Вечером были танцы под платанами. Он бродил в темноте, завязал знакомство и переспал с девицей. Это случилось впервые (Швейцария послужила лишь подготовкой). Он почувствовал себя как-то странно. Облегченно. Словно бы выздоровевшим. У девицы были широкие бедра и глупое лицо; он не решился спросить у нее, так же ли происходит у всех в первый раз. Вот он и нашел свое истинное призвание!
Часть вторая.

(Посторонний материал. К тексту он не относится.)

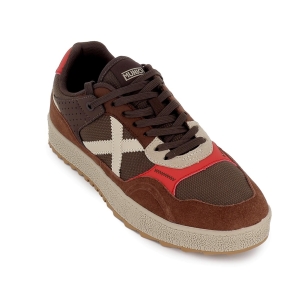 Deportivas piel serraje y nylon detalle rojo contraste hombre marron 2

Ястреб
Ему не пришлось ждать истечения времени и сопутствующих времени перемен для уяснения истины: высшая степень мудрости — иметь мечты столь возвышенные, чтобы не утерять их, пока за ними гонишься.
И вот человек полагает, что, прострадав три четверти своей жизни, он отдохнет за оставшуюся четверть; но чаще всего издыхает от голода, так и не узнав, к чему привели его усилия!
1
Неплотно прикрытый ставень распахнулся от ветра; в комнату проник голубой, молочно мерцающий свет.
Она зябко съежилась под одеялами и инстинктивно потянулась к мужскому теплу, но рука ее встретила под простыней лишь холодную вмятину — куда, однако, мог он запропаститься в такую рань? Она приподнялась на своем ложе, напряженно прислушиваясь к окутавшей дом зыбкой ночной тишине, но не различила ничего, кроме биения собственного сердца, глухо отдававшегося в груди.